I think you would enjoy reading Curt McMullen's paper "Moduli spaces in genus zero and inversion of power series". In some sense there is nothing there that isn't already in Getzler's paper, but everything is stated in a down-to-earth and combinatorial fashion.
Let me summarize the story, first for the spaces $\overline M_{0,n}$ and $M_{0,n}$. The space $\overline M_{0,n}$ has a stratification where a stratum corresponds to a tree with no vertices of valence two. The stratum itself is isomorphic to $\prod_v M_{0,\mathrm{val}(v)}$ where $v$ runs over interior vertices of the tree and $\mathrm{val}(v)$ denotes the number of incident edges. Since the virtual Poincaré polynomial is additive over stratifications, this shows that the virtual Poincaré polynomial of $\overline M_{0,n}$ is given by a sum over trees involving the virtual Poincaré polynomials of $M_{0,n'}$ for $n' \leq n$. Now using the relationship between compositional inversion and summing over trees, well-known to combinatorists, one can thus show that the exponential generating series of virtual Poincaré polynomials of $\overline M_{0,n}$ and $M_{0,n}$ are compositional inverses of each other. (If you don't know virtual Poincaré polynomials, think about any other invariant additive under stratification, e.g. Euler characteristic.)
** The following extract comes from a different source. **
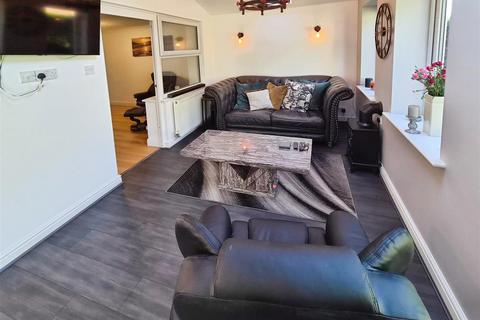 2 bedroom semi-detached house for sale, Sterne Close, Elworth, Sandbach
Finally, both the spaces $\overline M_{0,n}$ and $M_{0,n}$ have pure cohomology in every degree: $H^k (\overline M_{0,n})$ is pure of weight $k$, and $H^k(M_{0,n})$ us pure of weight $2k$. Thus in both cases, the virtual Poincaré polynomial concides with the usual Poincaré polynomial (in the latter case up to a substitution $t \mapsto t^2$). This explains the second sentence in Bergström-Brown's abstract.
The story for $M_{0,n}^\delta$ and $M_{0,n}$ is completely similar, the only difference being that $M_{0,n}^\delta$ has a stratification indexed by trees without vertices of valence two and with a cyclic ordering of the edges incident to each vertex. In the same way as compositional inversion of exponential generating functions corresponds to sums over trees, compositional inversion of ordinary generating functions corresponds to sums over trees with such cyclic structure. McMullen touches upon something very similar at the very end of his paper. He doesn't consider $M_{0,n}$ and $M_{0,n}^\delta$, but instead considers the choice of a connected component of $M_{0,n}(\mathbf R)$ and its closure. Combinatorially this amounts to exactly the same thing: $M_{0,n}^\delta$ is defined by choosing a connected component of $M_{0,n}(\mathbf R)$ and taking the union of all strata meeting the closure of this component.
A final remark is that the duality between $H^\bullet(\overline M_{0,n})$ and $H^\bullet(M_{0,n})$ can be upgraded to a Koszul duality of two cyclic operads, the "Hypercommutative" and "Gravity" operads. This is a much stronger result than just that their generating series are compositional inverses, and this is what Getzler proves. On the other hand the cohomologies of $M_{0,n}^\delta$ and $M_{0,n}$ give rise to nonsymmetric cyclic operads (this notion is not defined in the literature, but it's not hard to give the definition). However, it turns out that they are not in any natural sense Koszul dual of each other, but it is still true that they are interchanged with each other under bar-cobar-duality, up to homotopy. (But first one needs to define a bar transform of nonsymmetric cyclic operads...) This is an operad-theoretic statement that improves on what Bergström-Brown proved. I worked this out with Johan Alm at one point but we never wrote it down properly.